Segment Start: Material for this task

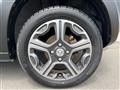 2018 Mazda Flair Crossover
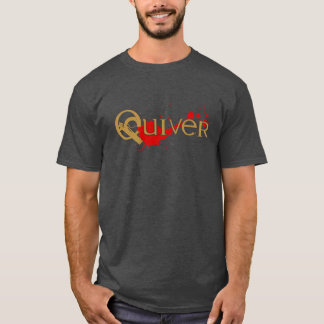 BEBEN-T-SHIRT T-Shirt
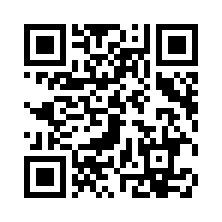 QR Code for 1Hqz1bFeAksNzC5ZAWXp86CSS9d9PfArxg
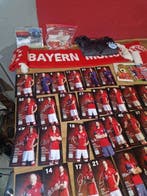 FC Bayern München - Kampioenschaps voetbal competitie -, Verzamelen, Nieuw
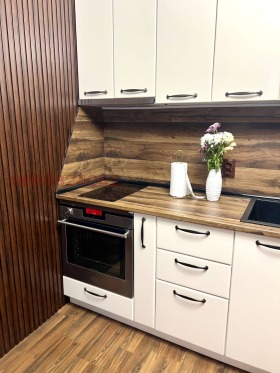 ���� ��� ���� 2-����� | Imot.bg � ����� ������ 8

Segment End: Material for this task

- What you need to do -
Everything above except the pictures needs to be reproduced exactly.

- Answer -
 2018 Mazda Flair Crossover
 BEBEN-T-SHIRT T-Shirt
 QR Code for 1Hqz1bFeAksNzC5ZAWXp86CSS9d9PfArxg
 FC Bayern München - Kampioenschaps voetbal competitie -, Verzamelen, Nieuw
 ���� ��� ���� 2-����� | Imot.bg � ����� ������ 8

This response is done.